Todas essas entidades, embora dotadas de personalidade jurídica própria, foram instituídas por lei, têm por finalidade a execução de objetivos de interesse público e permanecem submetidas a diversos mecanismos de controle estatal. Tal sujeição encontra amparo na própria CF/88, especialmente nos arts. 37 e 71, que consolidam esse vínculo ao submeter tais entidades aos princípios que regem a Administração Pública e à fiscalização exercida pelo Tribunal de Contas da União.
Analisando o entendimento da doutrina administrativa, esta majoritariamente defende que a expressão "Poder Público" não se limita às pessoas jurídicas de Direito Público interno (União, Estados, Distrito Federal, municípios e autarquias), mas alcança também aquelas entidades que, embora personificadas sob a roupagem de Direito Privado, atuam como braços executores da política estatal, chamados de entes instrumentais, caracterizados por possuírem autonomia patrimonial e administrativa, mas permanecerem vinculados aos objetivos públicos que justificaram sua criação.
Do ponto de vista jurisprudencial, o próprio STJ tem reconhecido, em matérias distintas, a condição de empresas públicas e sociedades de economia mista como entes submetidos a controles típicos da Administração Pública, ainda que submetidos a regime híbrido de Direito Privado em certos aspectos. Esse raciocínio reforça que a finalidade institucional e a vinculação à administração indireta prevalecem sobre a forma jurídica quando se trata de avaliar a natureza pública de sua atuação.
Aplicado ao caso das subvenções para investimentos, o raciocínio conduz à conclusão de que o critério decisivo não pode ser a natureza civil da entidade concedente, mas sim sua vinculação ao Estado e sua finalidade de implementar políticas públicas.
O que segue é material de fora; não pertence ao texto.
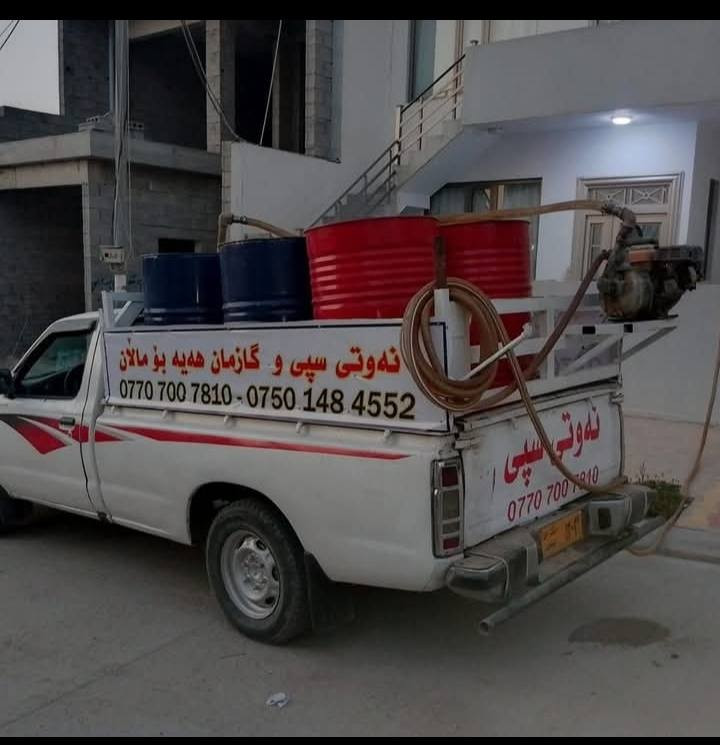 تەوزیعاتی نەوت دەستی پێ کردەوە  1شەمە 29  2  لەسەنتەری شاری سلێماتی تەوزیع ئەکرێ نەوتی بایعی  وەرئەگرین بۆ ماڵان
بۆهەمووگەڕەکەکانی سلێمانی   تەنها 9000هەزار  مەڵبەندی 1 تا 6
کارتی نەوت ئەکڕین بە 18هەزار نەوتی سپیمان هەیەبەزەمان 
*********** <       >  *********** السليمانية, العراق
Assim, o BNDES, enquanto empresa pública Federal de capital exclusivo da União, cumpre precisamente essa função ao financiar projetos de desenvolvimento econômico e social, razão pela qual não pode ser equiparado a um agente privado comum para fins de tributação.
O precedente do Carf, portanto, representa importante evolução interpretativa ao reconhecer que o conceito de Poder Público abarca também entidades da Administração Pública indireta constituídas sob regime de Direito Privado, reafirmando a primazia da finalidade da norma sobre formalismos que poderiam restringir indevidamente o alcance de incentivos fiscais previstos em lei.
Em termos práticos, o entendimento proporciona maior segurança jurídica às empresas que se beneficiam de financiamentos e incentivos concedidos por entes vinculados ao Poder Público, fortalecendo a confiança na estabilidade das políticas de fomento e se tornando uma oportunidade de redução da carga tributária. Ao mesmo tempo, consolida a visão de que a interpretação da legislação tributária deve ser teleológica e sistemática, preservando a coerência do sistema e a efetividade das políticas públicas que justificam a concessão de subvenções para investimentos.